The review process was hardly better than the system itself: "conducted in a manner so questionable as to cast doubt on its credibility," said Mr. Koplen. "We had been asked to blind ourselves to the illegal incarceration of
thousands of citizens in our state, to the harassment and pursuit of parents by attorneys on loan to DCSE." By controlling this panel, judges, lawyers, and plainclothes police are making the same laws they adjudicate and enforce.
Perhaps most questionable is that the system used in the Old Dominion (and some 30 other states) is largely the creation of one man, who also happens to preside over the nation’s largest private child support contractor. Robert
Williams created Policy Studies Inc., to compound the ethical conflict, while working as a paid consultant to the Department of Health and Human Services, which in turn imposed his system on the states. "His company’s participation in child support guideline determination and the profit it derives from its child support collection division points to an obvious conflict of interest," Mr. Koplen noted. "His proposal’s higher numbers meant more collections" for his company.

So why should we care about punitive burdens on divorced fathers? If they don’t want to pay child support perhaps they shouldn’t have gotten divorced. That is precisely the point: Most noncustodial parents are divorced
involuntarily and without legal grounds. The same interests represented on the review panels can force divorce on the parents whose property they then confiscate – for the children, of course. This makes unilateral divorce very
lucrative for all concerned. High guidelines, Mr. Koplen points out, "create an irresistible incentive to divorce for the party most likely to be rewarded with child custody and child support." Coerced child support, along with
forced attorneys’ fees, is the financial fuel of the divorce machinery. Academic studies by Sanford Braver, Margaret Brinig and Douglas Allen, and others confirm that the parent expecting custody usually files for divorce.
Divorcing parents can then plunder their spouses by an assortment of charges that are "punitive and inappropriate," as Koplen puts it, and which render them subject to "incarceration and criminalization." This "civil rights
nightmare" is perpetrated under the guise of providing for children by the very people who are forcibly destroying their homes. The divorce industry, in short, has turned children into cash cows.

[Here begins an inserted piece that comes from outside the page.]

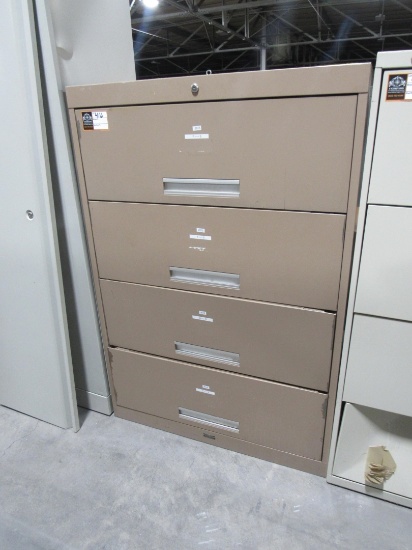 Lateral Filing Cabinet-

Similar chicanery operates in other states. "The commissions appointed to review the guidelines have been composed . . . of individuals who are unqualified to assess the economic validity of the guidelines, or who have an
interest in maintaining the status quo, or both," writes William Akins, a Georgia district attorney writing in the Georgia Law Journal.

This time around the eyes of the nation will be on Virginia to see if it will continue to enrich the divorce industry by engineering the destruction of its children’s homes.

STEPHEN BASKERVILLE
The author teaches political science at Howard University, and is a member of the Virginia Child Support Guideline Review Panel.